Le cas des couples avec enfants est particulièrement intéressant à analyser car il recoupe les perceptions de la continuité pédagogique, dont nous pouvons tirer un bilan à l’heure où certains enfants ont retrouvé le chemin de l’école.

Et si ces conclusions sont globalement positives, elles révèlent des différences notables, voire des inégalités, scolaires, sociétales et géographiques.

La perception qu’ont les parents de leurs capacités ou non à assurer correctement le suivi fluctue selon l’âge de leurs enfants, leur propre niveau d’études, et le type d’établissement fréquenté par leur(s) enfant(s). L’engagement marqué des enseignants est souligné par les Français.es.

5. Le respect du confinement et des mesures de précaution

Le sentiment d’avoir pris de bonnes précautions est prégnant chez les Français.es, tout comme celui d’avoir respecté les règles du confinement. En revanche, des distinctions existent entre le respect d’une application stricte ou souple des mesures.

Cette décision d’appliquer ou non une flexibilité aux règles varie selon l’âge et l’appréhension d’un risque encouru personnellement en tant que personne à risques, l’inquiétude vis-à-vis de l’épidémie, ou l’appréciation d’un dispositif jugé ou non proportionné à la situation.

6. Epidémie et action de l’exécutif

Près des trois quarts des Français.es s’estiment inquièt.es vis-à-vis de l’épidémie. À cet égard, au-delà de l’anxiété inhérente à la propagation du virus, ils voient d’un œil circonspect l’action gouvernementale, puisque la majorité d’entre eux estiment que l’exécutif n’a pas été à la hauteur de la situation, n’a pas alloué de moyens suffisants aux professionnel.les de santé pour lutter contre le virus, a manqué de clarté dans sa communication…

Seul point positif au tableau : le dispositif de confinement a globalement été bien accepté et jugé proportionné.

Face à la crise économique qui se profile, ils sont partagés face à d’éventuelles mesures temporaires d’assouplissement du code du travail.

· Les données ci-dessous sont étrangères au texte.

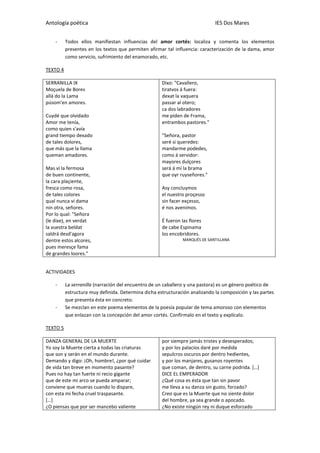 Antología poética IES Dos Mares
- Todos ellos manifiestan influencias del amor cortés: localiza y comenta los elementos
presentes en los textos que permiten afirmar tal influencia: caracterización de la dama, amor
como servicio, sufrimiento del enamorado, etc.
TEXTO 4
SERRANILLA IX
Moçuela de Bores
allá do la Lama
púsom'en amores.
Cuydé que olvidado
Amor me tenía,
como quien s'avía
grand tiempo dexado
de tales dolores,
que más que la llama
queman amadores.
Mas ví la fermosa
de buen continente,
la cara plaçiente,
fresca como rosa,
de tales colores
qual nunca vi dama
nin otra, señores.
Por lo qual: "Señora
(le dixe), en verdat
la vuestra beldat
saldrá desd'agora
dentre estos alcores,
pues meresçe fama
de grandes loores."
Dixo: "Cavallero,
tiratvos á fuera:
dexat la vaquera
passar al otero;
ca dos labradores
me piden de Frama,
entrambos pastores."
"Señora, pastor
seré si queredes:
mandarme podedes,
como á servidor:
mayores dulçores
será á mí la brama
que oyr ruyseñores."
Asy concluymos
el nuestro proçesso
sin facer exçesso,
é nos avenimos.
É fueron las flores
de cabe Espinama
los encobridores.
MARQUÉS DE SANTILLANA
ACTIVIDADES
- La serranilla (narración del encuentro de un caballero y una pastora) es un género poético de
estructura muy definida. Determina dicha estructuración analizando la composición y las partes
que presenta ésta en concreto.
- Se mezclan en este poema elementos de la poesía popular de tema amoroso con elementos
que enlazan con la concepción del amor cortés. Confírmalo en el texto y explícalo.
TEXTO 5
DANZA GENERAL DE LA MUERTE
Yo soy la Muerte cierta a todas las criaturas
que son y serán en el mundo durante.
Demando y digo: ¡Oh, hombre!, ¿por qué cuidar
de vida tan breve en momento pasante?
Pues no hay tan fuerte ni recio gigante
que de este mi arco se pueda amparar;
conviene que mueras cuando lo dispare,
con esta mi fecha cruel traspasante.
[…]
¿O piensas que por ser mancebo valiente
por siempre jamás tristes y desesperados;
y por los palacios daré por medida
sepulcros oscuros por dentro hedientes,
y por los manjares, gusanos royentes
que coman, de dentro, su carne podrida. […]
DICE EL EMPERADOR
¿Qué cosa es ésta que tan sin pavor
me lleva a su danza sin gusto, forzado?
Creo que es la Muerte que no siente dolor
del hombre, ya sea grande o apocado.
¿No existe ningún rey ni duque esforzado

7. Crise et questionnements

La crise sanitaire a amené avec elle de nombreuses questions d’opinion. Aux rangs de celles-ci, l’hypothèse de l’antipaludéen chloroquine comme traitement possible du Covid-19, portée sur le devant de la scène par le professeur Didier Raoult, a divisé le monde scientifique et, dans son sillage, l’opinion publique.

Le soutien unanime au personnel soignant s’est cristallisé dans la pratique des applaudissements de 20h, inégalement suivie selon les individus, les régions et le type d’espaces.

Enfin, des professions d’ordinaire « invisibilisées » ont assuré la continuité économique du pays, recueillant les faveurs d’une très grande partie de la population.

8. Crise et solidarités

Période de crise sanitaire oblige, les Français.es ont plus spécifiquement orienté leurs dons financiers vers les hôpitaux et dans le domaine de la santé en général.

Leur choix a été vraisemblablement dicté par la forte présence médiatique éclairant l’univers hospitalier et l’insuffisance des moyens dont ils disposaient.

De manière plus générale, ce fut également une période propice à l’éveil de solidarités de toutes sortes.

9. Les municipales en contexte d’épidémie

Alors que fermaient restaurants et bars, et affleurait un confinement dont on taisait encore le nom, la décision de maintenir le premier tour des élections municipales a été vivement critiquée par une majorité de Français.es (75%). Beaucoup d’entre eux estiment avoir pris un risque en allant voter, et ceux qui ne l’ont pas fait invoquent la crainte de l’épidémie comme principal facteur de leur choix, portant le taux d’abstention à un record de 55%.

10. L’après confinement

La situation de confinement n’était évidemment pas appelée à demeurer éternellement (et heureusement). Ainsi, la question des conditions dans lesquelles y mettre un terme s’est rapidement posée. La date de fin de confinement a été source de clivages chez les Français.es, notamment selon les situations économiques personnelles.

Par ailleurs, de fortes tendances apparaissent : l’espoir de retombées positives en ce qui concerne l’écologie et la solidarité entre les individus cohabite avec un pessimisme très prégnant touchant le domaine économique.

En raison des conditions sanitaires et économiques, il semble possible que moins de Français.es prendront cette année la route des vacances.